Boyse (International) Limited, a Gibraltar-based company that managed property investments for a luxury travel agent, sought over £8 million (US$9.88 million) from NatWest. The company cited losses stemming from two interest rate hedging products (IRHPs) it entered into in 2007 and 2008.

The company claimed that it was forced to sell two of its London commercial properties at a loss to pay for the IRHPs, which were tied to the Libor benchmark.

The Royal Bank of Scotland (RBS) acted as agent for NatWest Markets in both transactions.
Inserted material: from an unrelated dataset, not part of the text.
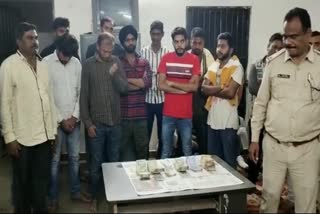 police-arrested-14-gamblers-for-playing-gambling-in-raipur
Boyse complained that Libor was not an independent benchmark rate, did not represent the interest rate as defined by the British Bankers' Association (BBA) and that the bank made false submissions to the BBA and attempted to manipulate the benchmark.

The Financial Services Authority (FSA), then the UK’s financial regulator, announced in a final notice on 6 February 2013 that it would impose a £87.5 million fine on RBS for “significant failings” in relation to Libor. 

RBS repaid Boyse £1.4 million, the total amount spent on the hedging products, in October 2014. But the bank did not stump up any money to cover any losses on the property sales and stopped short of admitting liability.

The company filed a claim against Natwest on 19 February 2019 – six years and 13 days after the FSA final notice. The standard limitation period for contract claims in English law is six years.

Boyse’s barrister Stephen Auld QC argued the limitation period should not have begun on announcement of the final notice, but when the claimant learned of the findings.

Auld said Boyse would have had to take “exceptional measures” to discover the FSA’s findings, which could have reasonably taken two weeks from 6 February 2013 as the company sought expert advice to explain the notice.  

But Chief Master Marsh said that a reasonably diligent person in Boyse's shoes would have been “alert to the widespread publicity about Libor” even before the final notice was issued.

The language used in the final notice was “not technical” and that “any person of reasonable sophistication could not fail to understand what Libor rates being manipulated and undermined could mean,” the judge said.

“The uncomfortable truth for Boyse is that the claim form was issued just 13 days too late,” he concluded. “Its attempts to bridge that short period are artificial because the six-year period of limitation provides ample time to obtain advice and formulate a claim.”

NatWest engaged Laura John at Fountain Court Chambers as legal counsel.

Boyse also claimed the bank knew the IRHPs were not suitable for the company, but Marsh pointed out that the claim did not provide “adequate particulars” giving evidence of this.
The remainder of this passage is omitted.